Starting with the line that contains "bathroom with toilet, vanity, baseboards, visible", copy each line exactly through the end of the listing, and omit all pictures.

§ Collected data:
--*--

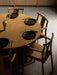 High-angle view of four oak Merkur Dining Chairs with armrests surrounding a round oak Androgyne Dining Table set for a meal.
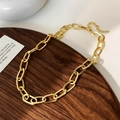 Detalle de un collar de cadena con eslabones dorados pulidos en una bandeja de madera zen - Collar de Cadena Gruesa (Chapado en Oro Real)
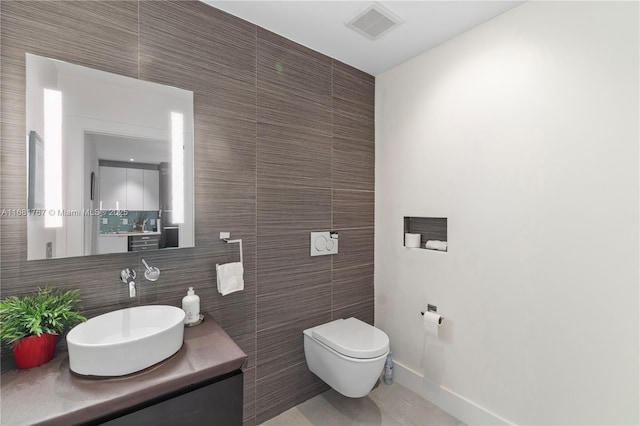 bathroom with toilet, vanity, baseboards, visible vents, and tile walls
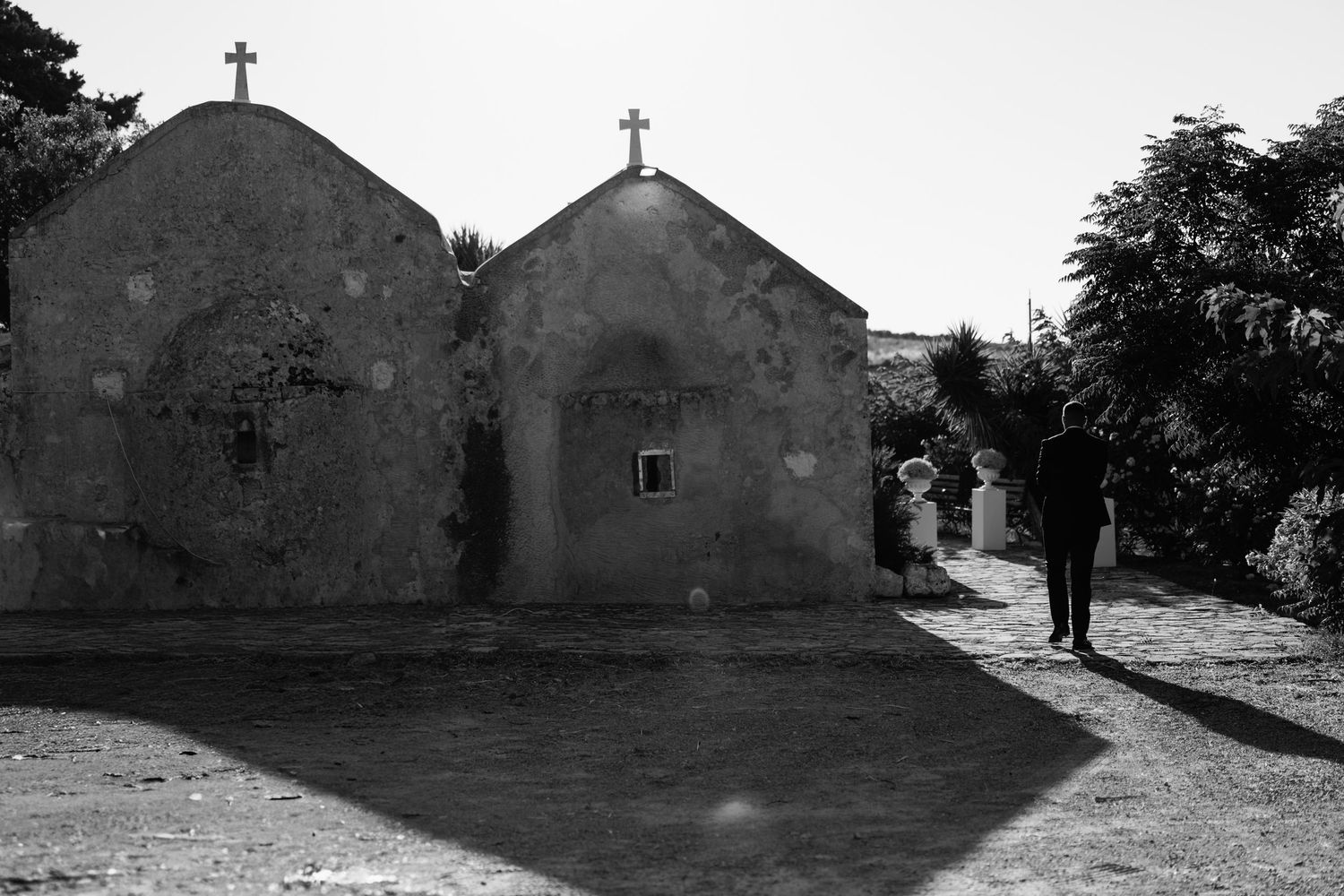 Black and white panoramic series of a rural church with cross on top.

--*--

§ Answer to this exercise:
 bathroom with toilet, vanity, baseboards, visible vents, and tile walls
 Black and white panoramic series of a rural church with cross on top.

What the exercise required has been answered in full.